Um es vorweg zu sagen, wir gehören glücklicherweise nicht zum Kreis der Sozialleistungsempfänger. Dennoch wollten wir einmal wissen, was von der Debatte um die Höhe der Geldleistungen des Steuerzahlers auf dem Gebiet der Lebensmittel zu halten ist. Deshalb haben wir, ohne unseren Lebensstil und unsere Essgewohnheiten auch nur im Geringsten zu verändern, Anfang Mai 2008 damit begonnen, in einem Haushaltsbuch penibel und ungeschönt alle Ausgaben für Lebensmittel aufzuschreiben.
Unsere Ernährung ist nahrhaft, abwechslungsreich und schmackhaft.
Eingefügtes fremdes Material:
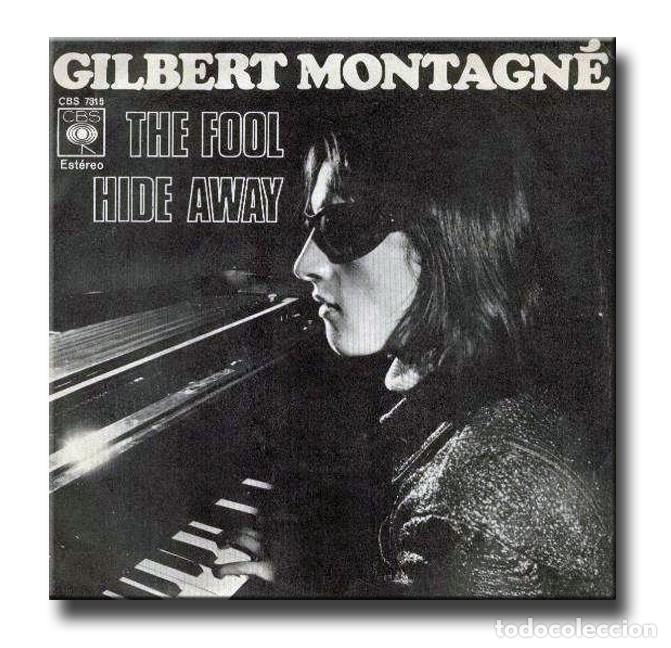 Discos de vinilo: Gilbert Montagne - The Fool Hide Away - Foto 1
Sie besteht aus einer gesunden Mischung aus viel Obst und Gemüse, Kartoffeln, Reis, Teigwaren, Fleisch, Fisch, Eiern, Müsli, Brot, vielfältigem Aufstrich einschließlich Feinkostsalaten, Kaffee, Tee, Milch und Mineralwasser. Im Allgemeinen kocht meine Frau selbst, aber hin und wieder gibt es auch Fertiggerichte aus der Tiefkühltruhe oder auch mal eine Suppe aus der Dose. Genussmittel wie Alkohol und Tabakwaren rechnen wir allerdings ebenso wenig zu Lebensmitteln wie Salzgebäck und Süßigkeiten. Daher haben wir sie bei unserer Buchführung nicht berücksichtigt. Wir kaufen sowohl bei Discountern als auch in Fachgeschäften und beim Erzeuger auf dem Wochenmarkt ein - nicht das Billigste, aber preisbewusst.
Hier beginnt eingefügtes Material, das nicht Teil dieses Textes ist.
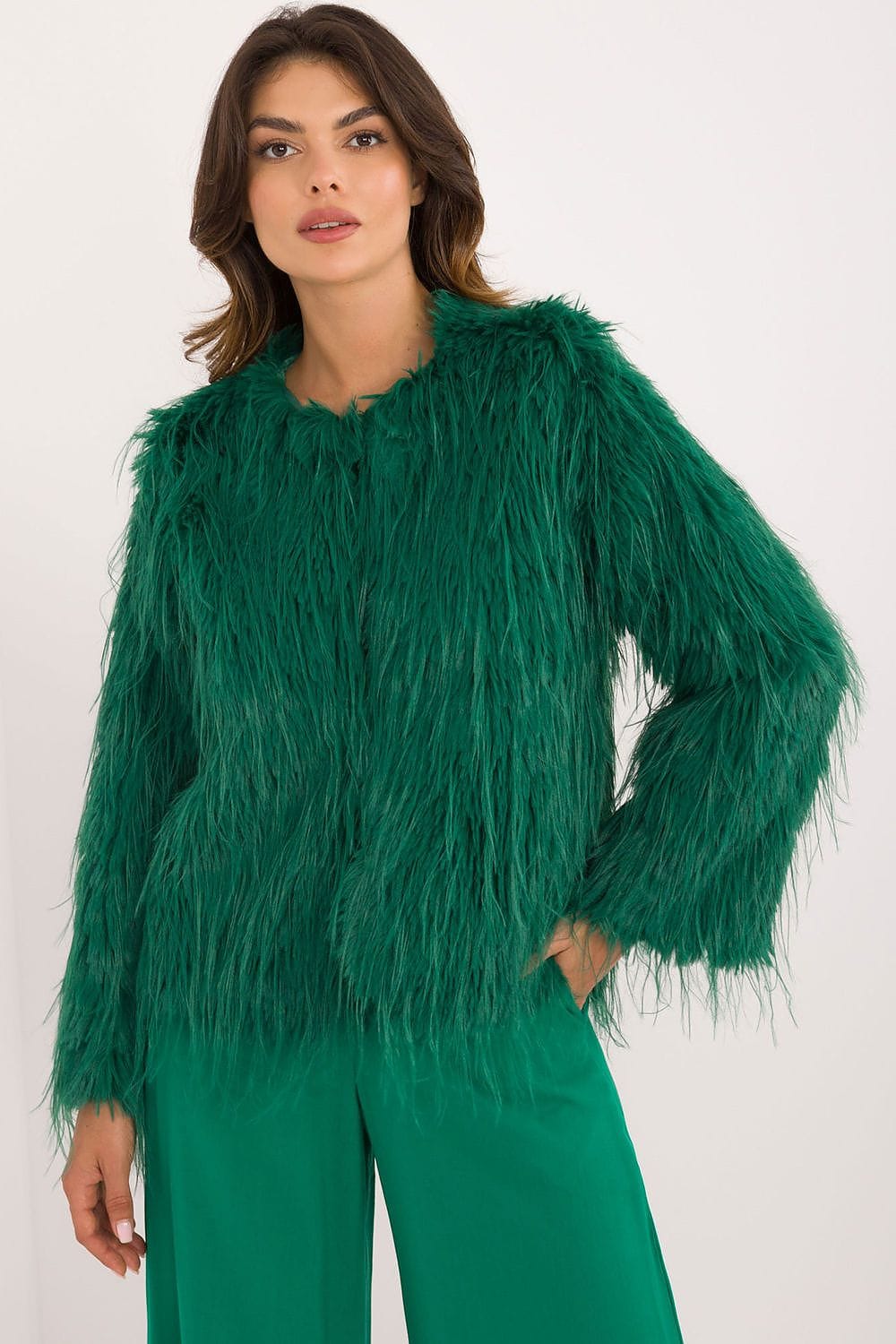  Jacket model 200207 Wool Fashion Italia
Das Ergebnis hat uns sehr erstaunt. In 121 Tagen im Zeitraum von Anfang Mai bis Anfang September 2008 betrugen die Lebensmittelkosten für unseren Zweipersonenhaushalt insgesamt 823,69 Euro. Dabei wurde der Wert der noch für mindestens eine Woche vorhandenen Vorräte im Kühlschrank nicht einmal in Abzug gebracht. Das heißt, unser Bedarf konnte wie erwähnt ohne jegliche Einschränkung mit täglich weniger als 3,40 Euro pro Person gedeckt werden. Das entspricht Ausgaben pro Monat (à dreißig Tage) von weniger als 102 Euro pro Person und trifft damit fast genau den “Maximalfall” des Chemnitzer Untersuchungsergebnisses von 104 Euro. Manchmal bedarf es wohl doch keiner Doktorarbeit, um dennoch zu Fakten zu kommen, die realistisch sind.
Mit diesem Ergebnis steht für uns fest, dass der staatliche Regelsatz von 132 Euro für Lebensmittel trotz der gestiegenen Lebensmittelpreise nicht zu knapp bemessen wäre. Schlussfolgerungen aus unserem Ergebnis mag jeder Leser und Steuerzahler für sich ziehen. Sofern das Ergebnis unserer privaten Haushaltsbuchführung vom Leser als politisch oder ideologisch unerwünscht betrachtet wird, bitte ich ihn, das Ganze als irrelevant zu verdrängen.